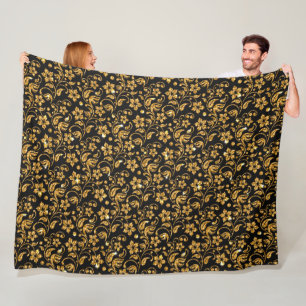 Gold Black Glossy Floral Fleece Blanket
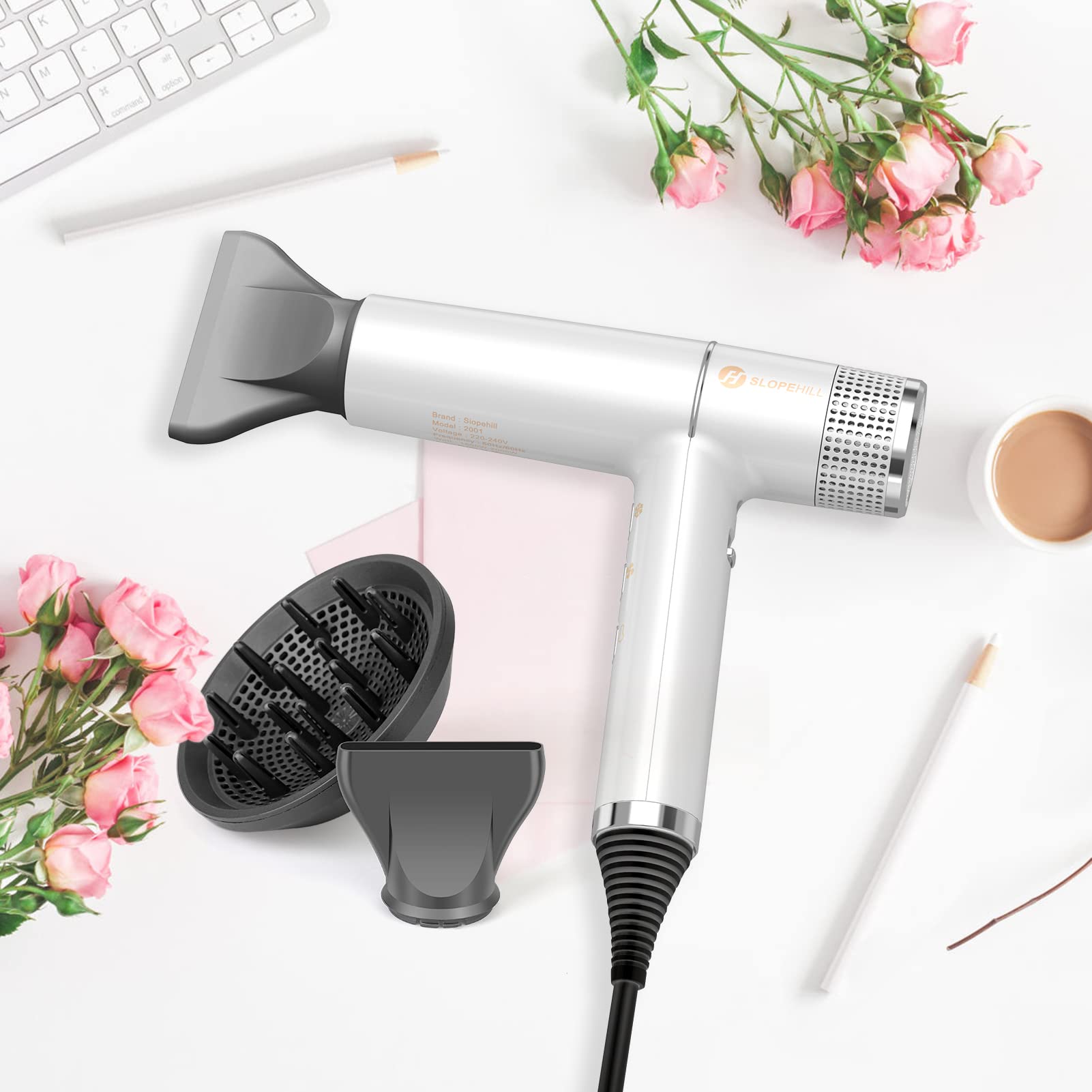 Slopehill hair dryer in use at home delivering salon-like results.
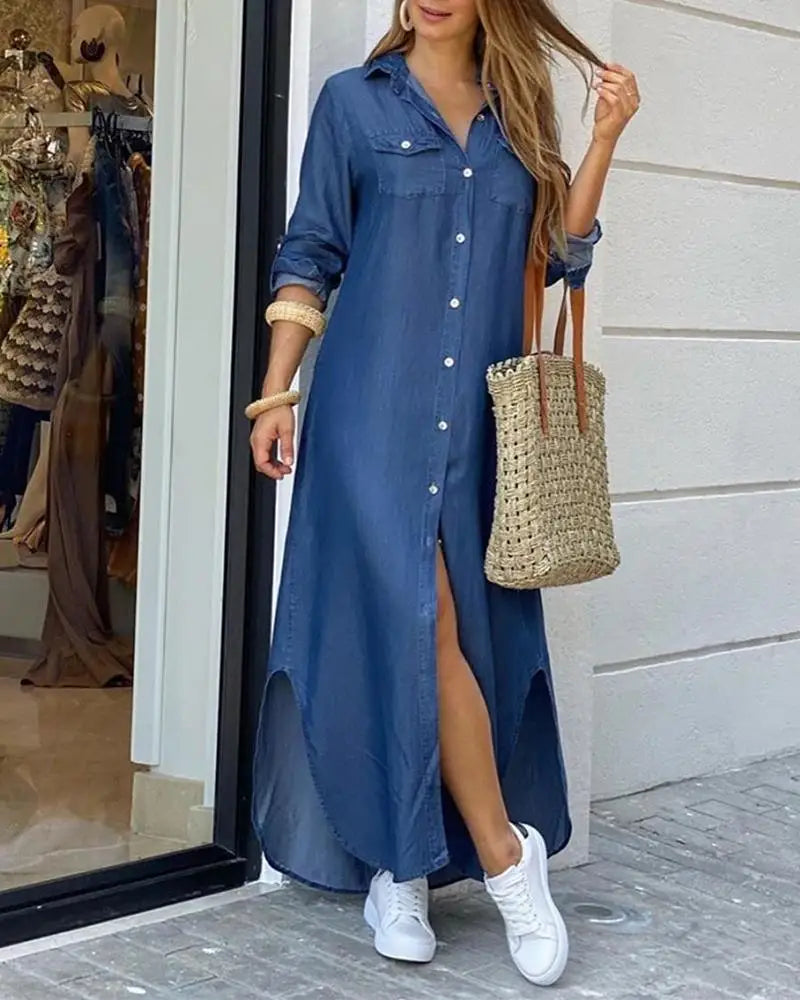 Ladies Fashion Long Shirt Dress Wholesale Denim Single Button Dress Elegant Slit Summer Vintage Casual Dress for Women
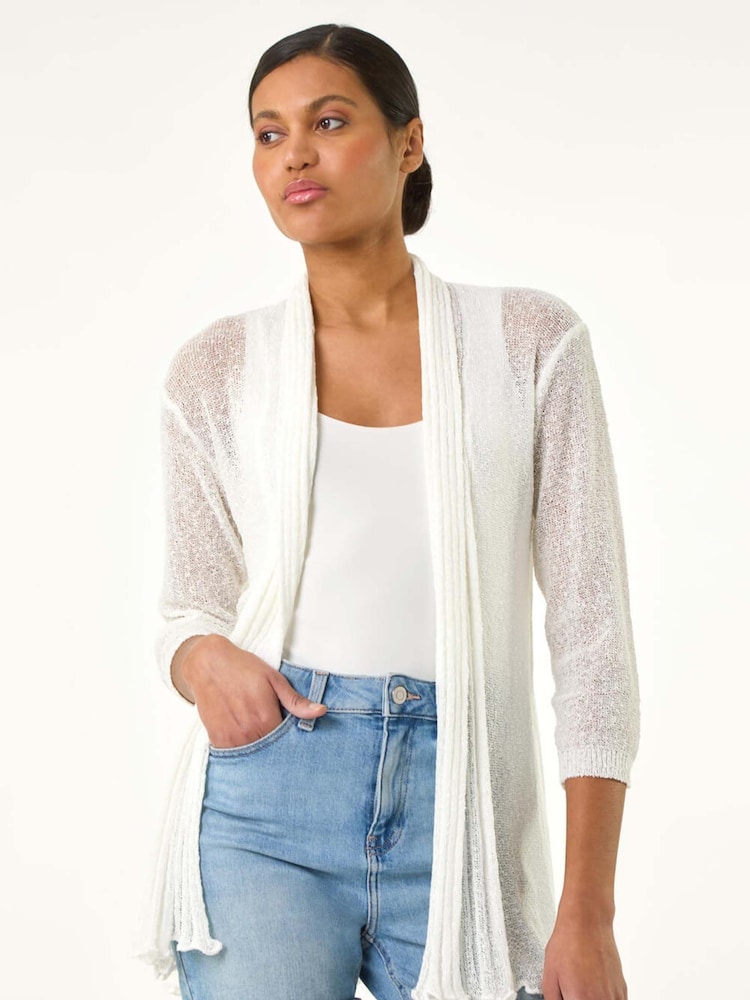 Roman White Longline Back Detail Cardigan - Image 1 of 5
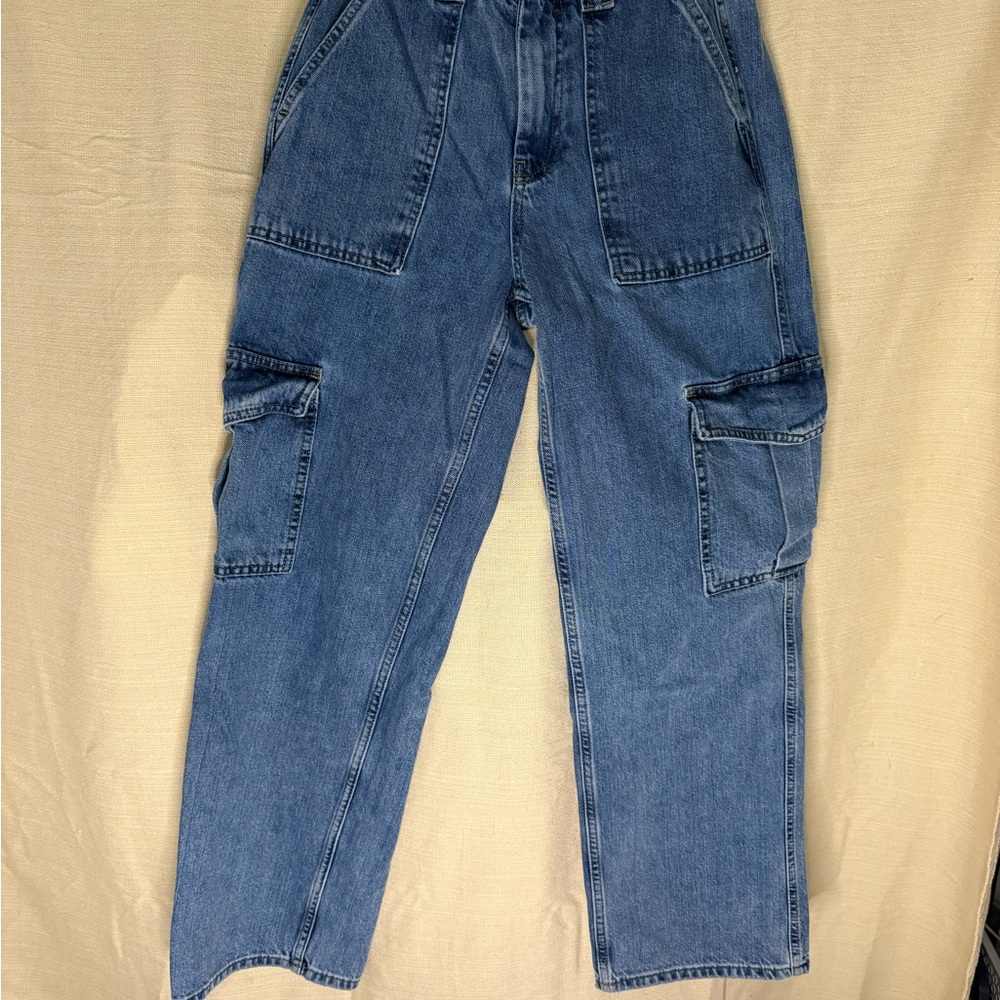 BDG Women's Relaxed Blue Cargo Skate Jeans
_ _ _ _ _
- _Work required_:
Begin at the line containing "Slopehill hair dryer" and restate exactly every line through the end of the material, skipping the pictures.

- _Answer space_:
 Slopehill hair dryer in use at home delivering salon-like results.
 Ladies Fashion Long Shirt Dress Wholesale Denim Single Button Dress Elegant Slit Summer Vintage Casual Dress for Women
 Roman White Longline Back Detail Cardigan - Image 1 of 5
 BDG Women's Relaxed Blue Cargo Skate Jeans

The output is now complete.